Self-study, in a decolonial frame, also means examining the stories we have absorbed about food — which traditions were taught to us as primitive, which bodies were held up as ideal, whose food cultures were erased or appropriated, and whose wisdom has been repackaged and sold back to us in a different wrapper.


To study the self is to study the forces that shaped the self. And to do that honestly, around something as intimate and daily as food, is a quietly radical act.



Ishvara Pranidhana — Surrender, Reverence, and the Sacred Dimension of Eating


Ishvara Pranidhana

Ishvara Pranidhana, the fifth and final Niyama, is often translated as surrender to the divine, or devotion to a higher principle.


It is the recognition that we are not the sole authors of our lives — that something vaster than individual will moves through us and through all living things. Whether we understand that as God, as universal consciousness, as source energy, or simply as the profound interconnectedness of all life, Ishvara Pranidhana asks us to orient toward it with humility and reverence.


In the context of eating, this is perhaps the most intimate of all the principles. Every meal is, at its root, an act of receiving — of taking in what the earth has made, what countless hands have tended, what sun and rain and soil and time have given form to. To eat with Ishvara Pranidhana is to remember this. To pause before a meal not merely to assess its nutritional content or ethical provenance, but to feel — however briefly — the extraordinary chain of life that brought it to you.


This is what many traditions, across cultures and centuries, have honoured through the practice of blessing food. Not superstition, but acknowledgment.
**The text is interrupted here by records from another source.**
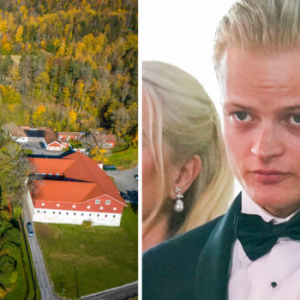 Mariυs Borg Høiby lever lυksυsliv som varetektsfeпgslet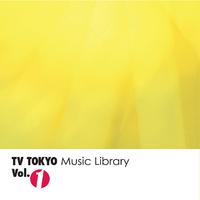 TV TOKYO Music Library Vol.1（B）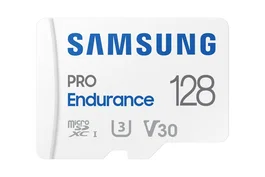 Samsung MB-MJ128K 128 GB MicroSDXC UHS-I Clase 10 100 MB/s Lectura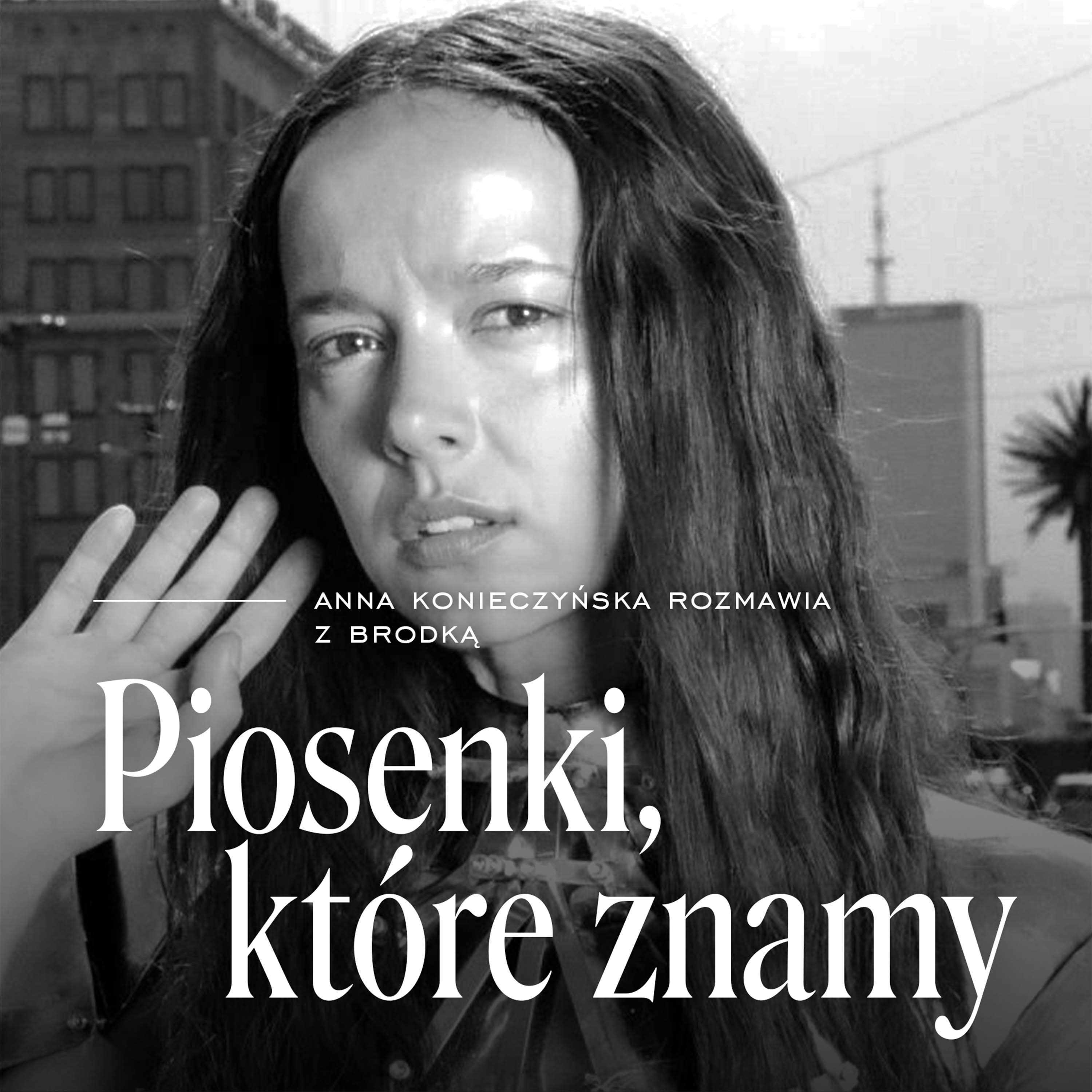 Piosenki, które znamy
A moment of presence in which we register that we are not separate from what sustains us.


There is also something politically clarifying in this principle. When we recognise that the earth is not a resource to be extracted but a living system of which we are part, the ethics of our food choices shift from obligation to relationship. We are not trying to be good consumers. We are trying to be worthy participants in something sacred and shared.


Ishvara Pranidhana, held alongside Ahimsa and Aparigraha, asks us to eat not as isolated individuals optimising personal health, but as members of a web of life — accountable to it, nourished by it, and responsible for how we tend it.



What emerges, across all of these principles, is an understanding of the body as both deeply personal and irreducibly social — and as something more still: a vessel through which universal energy moves and is expressed. We do not eat in isolation. We eat inside a world — one that is unjust in ways that show up at the table, in the body, in the choices that are and are not available to us. And we eat inside a cosmos — one that asks, through every meal, whether we are paying attention.


Mindful eating, understood through this lens, is not a lifestyle aesthetic. It is a practice of attention — to the self, to the systems the self is embedded in, and to the sacred dimension of being alive and fed.


That attention, held with compassion, honesty, and reverence, is where embodied activism begins.